Updated

In what is seen as a potential bellwether hearing for the nation, Massachusetts' highest court is scheduled to begin listening to the argument Wednesday that the Pledge of Allegiance, specifically the phrase, "under God," violates students' rights.

The Supreme Judicial Court will consider Doe v. Action-Boxborough Regional School District and it is expected to rule whether the pledge violates students’ rights.

"We feel confident that our arguments are the right ones, and we're certainly hopeful that they're persuasive to the justices," Eric Rassbach, the deputy general counsel for the Becket Fund for Religious Liberty, told the Boston Herald. The Becket Fund is arguing on behalf of the school district.

Rassbach has said if the court rules in favor of the plaintiffs, you "would then see a rash of state court lawsuits challenging the pledge all over the country."

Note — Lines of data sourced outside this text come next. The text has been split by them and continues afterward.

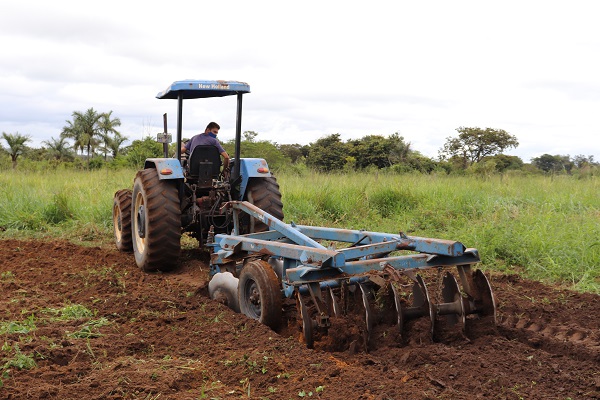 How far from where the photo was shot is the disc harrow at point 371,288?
4480 mm

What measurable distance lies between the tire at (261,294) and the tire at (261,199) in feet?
6.82

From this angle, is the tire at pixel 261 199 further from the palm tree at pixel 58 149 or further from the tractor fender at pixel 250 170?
the palm tree at pixel 58 149

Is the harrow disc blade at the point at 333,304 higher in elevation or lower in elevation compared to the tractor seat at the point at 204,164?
lower

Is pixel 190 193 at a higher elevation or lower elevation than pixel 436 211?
higher

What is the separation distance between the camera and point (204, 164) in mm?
7492

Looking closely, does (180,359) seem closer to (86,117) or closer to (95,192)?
(95,192)

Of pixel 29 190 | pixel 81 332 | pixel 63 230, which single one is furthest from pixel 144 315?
pixel 29 190

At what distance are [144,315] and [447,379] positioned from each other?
8.69 ft

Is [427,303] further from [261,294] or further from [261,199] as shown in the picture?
[261,199]

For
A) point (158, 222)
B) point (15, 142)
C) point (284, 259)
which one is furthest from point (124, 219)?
point (15, 142)

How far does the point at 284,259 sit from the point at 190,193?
9.45 feet

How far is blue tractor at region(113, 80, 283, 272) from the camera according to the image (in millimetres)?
7078

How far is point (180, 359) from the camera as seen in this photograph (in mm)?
4191

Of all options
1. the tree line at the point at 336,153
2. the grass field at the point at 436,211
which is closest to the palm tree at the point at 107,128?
the tree line at the point at 336,153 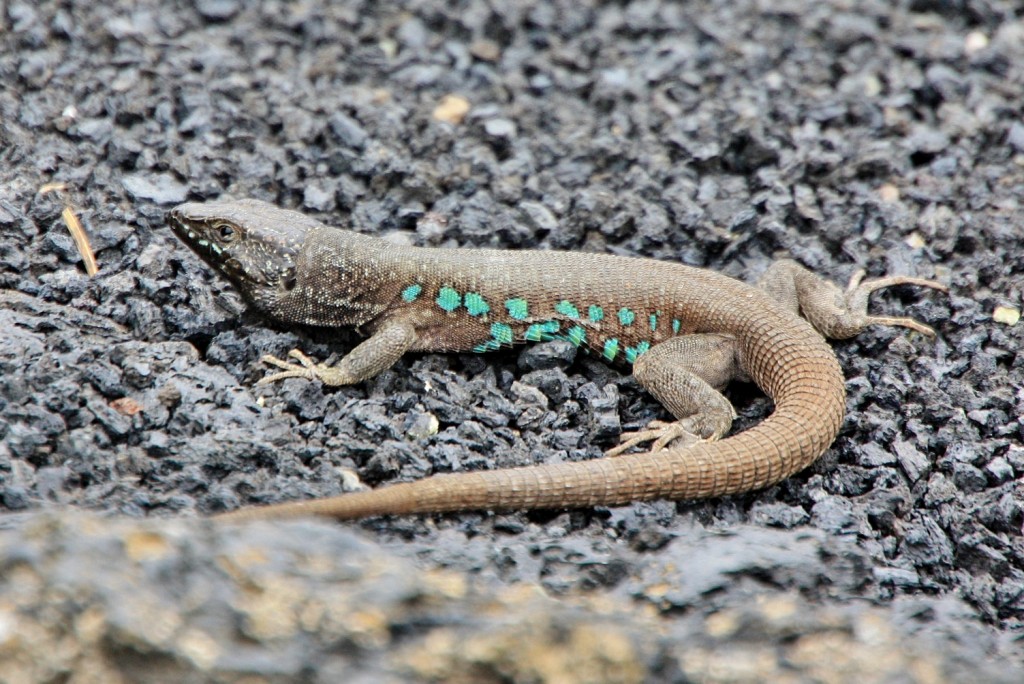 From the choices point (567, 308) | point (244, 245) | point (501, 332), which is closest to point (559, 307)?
point (567, 308)

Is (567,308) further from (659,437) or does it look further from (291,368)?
(291,368)

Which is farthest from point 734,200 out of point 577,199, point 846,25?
point 846,25

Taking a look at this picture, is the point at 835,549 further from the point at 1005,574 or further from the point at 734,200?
the point at 734,200

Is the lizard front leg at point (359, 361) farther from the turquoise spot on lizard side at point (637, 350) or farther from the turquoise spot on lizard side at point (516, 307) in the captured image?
the turquoise spot on lizard side at point (637, 350)

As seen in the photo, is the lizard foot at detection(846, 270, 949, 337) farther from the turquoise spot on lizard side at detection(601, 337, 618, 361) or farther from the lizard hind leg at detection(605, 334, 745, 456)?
the turquoise spot on lizard side at detection(601, 337, 618, 361)

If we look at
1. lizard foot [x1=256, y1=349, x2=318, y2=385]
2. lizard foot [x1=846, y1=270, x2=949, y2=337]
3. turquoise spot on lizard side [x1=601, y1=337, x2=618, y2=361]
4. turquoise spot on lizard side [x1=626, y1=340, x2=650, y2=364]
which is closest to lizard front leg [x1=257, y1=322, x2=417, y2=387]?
lizard foot [x1=256, y1=349, x2=318, y2=385]

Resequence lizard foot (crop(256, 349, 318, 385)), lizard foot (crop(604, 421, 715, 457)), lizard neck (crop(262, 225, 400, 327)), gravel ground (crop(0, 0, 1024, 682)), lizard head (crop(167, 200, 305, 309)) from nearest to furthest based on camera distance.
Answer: gravel ground (crop(0, 0, 1024, 682))
lizard foot (crop(604, 421, 715, 457))
lizard foot (crop(256, 349, 318, 385))
lizard head (crop(167, 200, 305, 309))
lizard neck (crop(262, 225, 400, 327))

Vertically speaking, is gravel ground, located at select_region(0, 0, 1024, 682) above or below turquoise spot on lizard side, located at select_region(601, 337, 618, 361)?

The suit was filed by attorneys for an anonymous atheist couple. They will likely argue that compulsory recitation of the pledge represents an injury to the state's equal rights laws, or the guarantee of equal protection for all concerned under those laws, The Religion News Service reported.

The report said such legal maneuvering borrows a page directly from the recently successful campaign  to legalize same-sex marriage, which made a similar and successful argument, also before the state’s Supreme Judicial Court.

Roy Speckhardt, the executive director for the American Humanist Association, which is representing the family, told The Christian Post in August that the primary argument against the pledge is that it "violates our right to equal protection under the law."

"It makes us appear as second-class citizens just because we believe something different from the majority," he told the paper.

The Becket Fund reportedly scored a victory in June 2012, when a lower court judge ruled recitation of the pledge did not violate the Massachusetts Constitution, the school district’s anti-discrimination policy or state law.